Your task =
From the records below, print exactly the lines starting at the one containing "Estudio Copacabana/Ipanema Vista" and ending at the one containing "Το προφίλ του", ends included, and nothing else.

Source data =

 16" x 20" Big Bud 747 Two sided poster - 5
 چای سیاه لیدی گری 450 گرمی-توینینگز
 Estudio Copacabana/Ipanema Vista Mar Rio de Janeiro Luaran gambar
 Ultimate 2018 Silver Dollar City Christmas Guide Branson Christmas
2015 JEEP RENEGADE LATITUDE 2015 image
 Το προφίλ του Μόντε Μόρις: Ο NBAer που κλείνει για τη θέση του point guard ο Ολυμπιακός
--
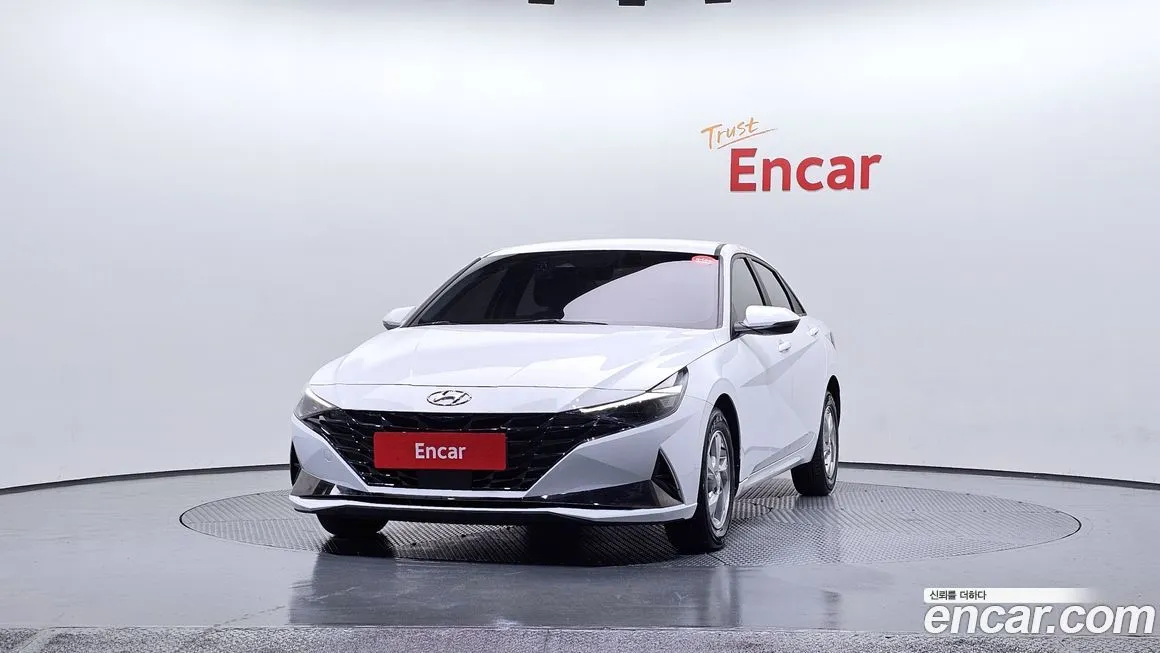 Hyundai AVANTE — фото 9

Reply to the task =
 Estudio Copacabana/Ipanema Vista Mar Rio de Janeiro Luaran gambar
 Ultimate 2018 Silver Dollar City Christmas Guide Branson Christmas
2015 JEEP RENEGADE LATITUDE 2015 image
 Το προφίλ του Μόντε Μόρις: Ο NBAer που κλείνει για τη θέση του point guard ο Ολυμπιακός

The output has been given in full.